Exercise objective: The listing below holds a line with "Man standing on field against sky" and a line with "Pocket mirror with". Reproduce those two lines exactly, plus everything between them.

Available data:
------------

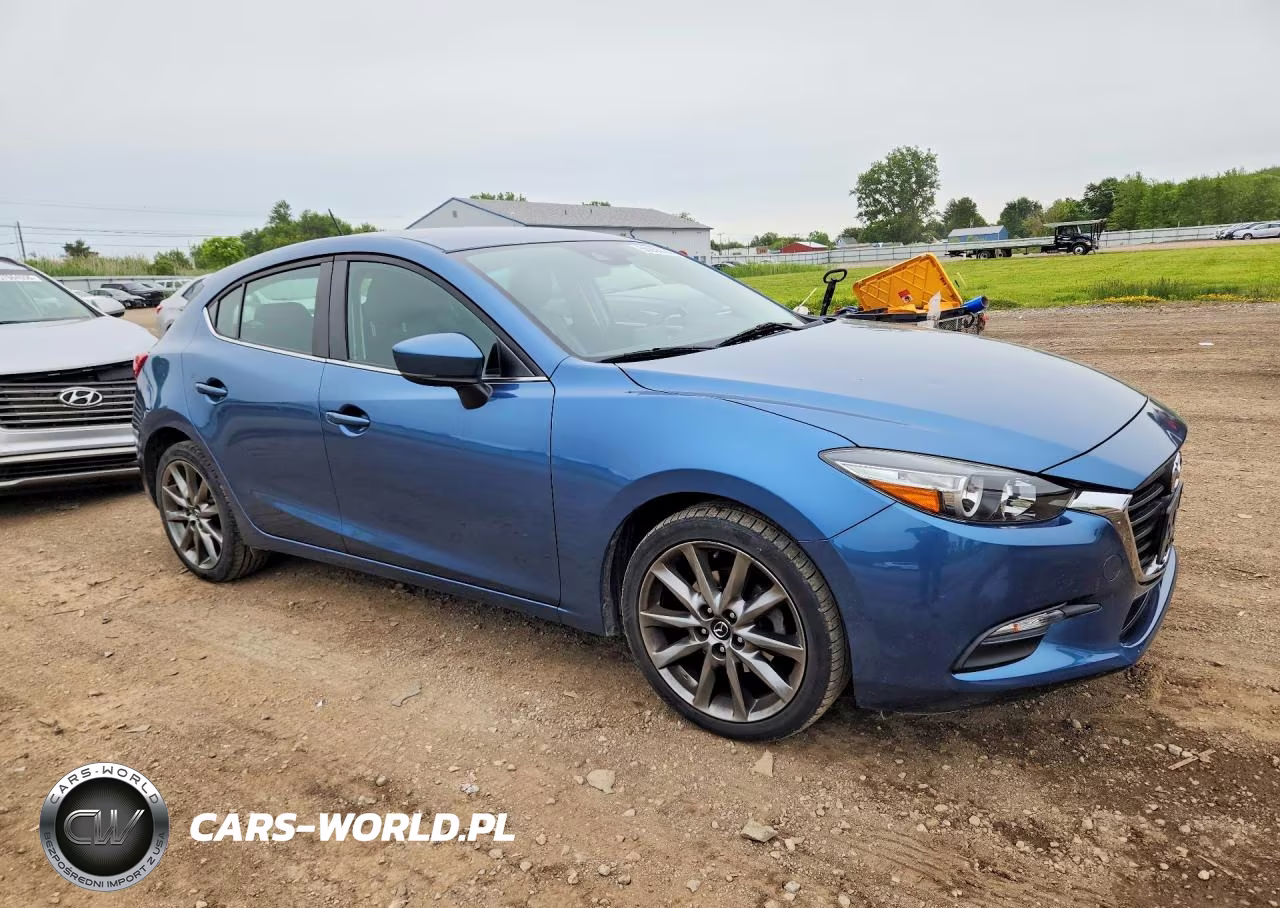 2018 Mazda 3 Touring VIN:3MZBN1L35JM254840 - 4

------------

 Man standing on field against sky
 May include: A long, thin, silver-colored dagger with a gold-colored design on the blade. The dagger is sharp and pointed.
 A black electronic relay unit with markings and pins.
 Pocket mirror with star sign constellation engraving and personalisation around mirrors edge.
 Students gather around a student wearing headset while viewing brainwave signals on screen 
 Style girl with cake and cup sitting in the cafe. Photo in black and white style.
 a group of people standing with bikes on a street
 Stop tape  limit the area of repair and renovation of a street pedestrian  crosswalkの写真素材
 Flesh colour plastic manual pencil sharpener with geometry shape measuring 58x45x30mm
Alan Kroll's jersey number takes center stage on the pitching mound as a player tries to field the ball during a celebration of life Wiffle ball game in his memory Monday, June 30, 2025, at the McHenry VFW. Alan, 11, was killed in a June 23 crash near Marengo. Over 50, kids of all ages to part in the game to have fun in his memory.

------------

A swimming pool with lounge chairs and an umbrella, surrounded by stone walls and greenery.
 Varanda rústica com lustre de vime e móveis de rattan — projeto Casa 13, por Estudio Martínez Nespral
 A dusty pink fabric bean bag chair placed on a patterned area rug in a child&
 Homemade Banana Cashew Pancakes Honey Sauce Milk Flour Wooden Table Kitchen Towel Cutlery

------------

Response to this task:
 Man standing on field against sky
 May include: A long, thin, silver-colored dagger with a gold-colored design on the blade. The dagger is sharp and pointed.
 A black electronic relay unit with markings and pins.
 Pocket mirror with star sign constellation engraving and personalisation around mirrors edge.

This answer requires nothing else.